Overslaan en naar de inhoud gaan

RBZWB 110619 twee fietsers rijden op korte afstand achter elkaar; de voorste remt maar houdt daarmee onvoldoende rekening met achterligger; eigen schuld 2/3

RBZWB 110619 twee fietsers rijden op korte afstand achter elkaar; de voorste remt maar houdt daarmee onvoldoende rekening met achterligger; eigen schuld 2/3.
- Met ratio deelgeschillenprocedure strookt niet dat verzoeker de kosten deels zelf dient te dragen; overigens begroot op nihil vanwege rb-verz.

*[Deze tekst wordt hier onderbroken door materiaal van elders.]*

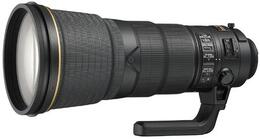 Nikon 400mm f/2.8E FL ED VR AF-S
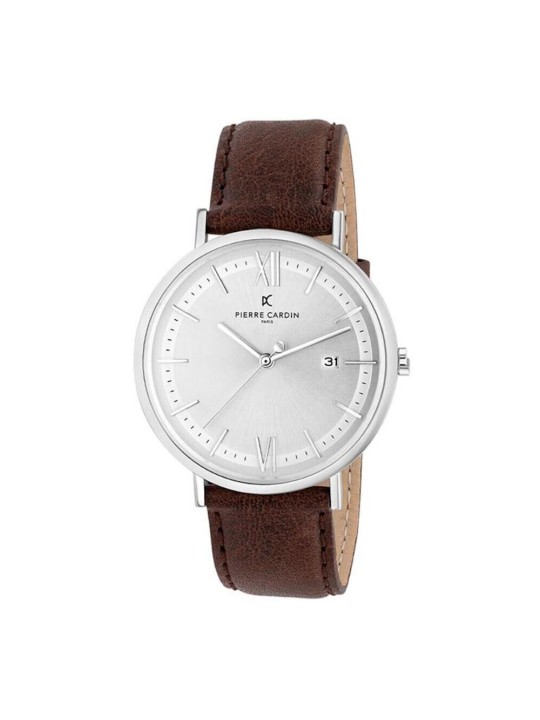 Pierre Cardin Belleville Essential CBV.1150 Miesten Rannekello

Het verzoek en het tegenverzoek

2.1.
[verzoekster] verzoekt – enigszins beknopt weergegeven – om voor recht te verklaren dat [verweerder sub 1] volledig aansprakelijk is voor de door haar als gevolg van een ongeval op 19 mei 2015 geleden en te lijden schade en [verweerder sub 1] en/of [verweerder sub 2] gehouden zijn tot vergoeding van die schade. Subsidiair verzoekt [verzoekster] om voor recht te verklaren dat [verweerder sub 1] aansprakelijk is voor een deel van de schade en dat [verweerder sub 1] en/of [verweerder sub 2] gehouden zijn om dat deel te vergoeden. Verder verzoekt [verzoekster] de kosten van het deelgeschil te begroten en verweerders te veroordelen tot betaling van deze kosten.

2.2.
[verweerder sub 1] en [verweerder sub 2] hebben verzocht de verzoeken af te wijzen en voor recht te verklaren dat [verweerder sub 1] niet aansprakelijk is voor de schade die [verzoekster] als gevolg van het voornoemde ongeval heeft geleden. Voor het geval het verzoek van [verzoekster] wordt toegewezen, verzoeken zij de rechtbank om bij wijze van voorwaardelijk tegenverzoek voor recht te verklaren dat [verzoekster] de schade op grond van artikel 6:101 BW zelf dient te dragen. Voorts verzoeken zij dat de kosten van het deelgeschil dienen te worden gematigd.

De beoordeling

De rechtbank gaat uit van de volgende feiten:

Op 19 mei 2015 te ongeveer 7.40 uur is [verzoekster] (geboren op 2 juli 1956) betrokken geweest bij een ongeval. Zij reed op de fiets over de Nieuwe Vlissingseweg in de richting van Vlissingen, op geringe afstand achter [verweerder sub 1] die op de fiets voor haar reed. Ter hoogte van de IJsselstraat, zijnde een zijstraat van de Nieuwe Vlissingseweg, zag [verweerder sub 1] uit die straat een collega aankomen, waarna hij zijn snelheid heeft verminderd. Hierop is [verzoekster] ten val gekomen.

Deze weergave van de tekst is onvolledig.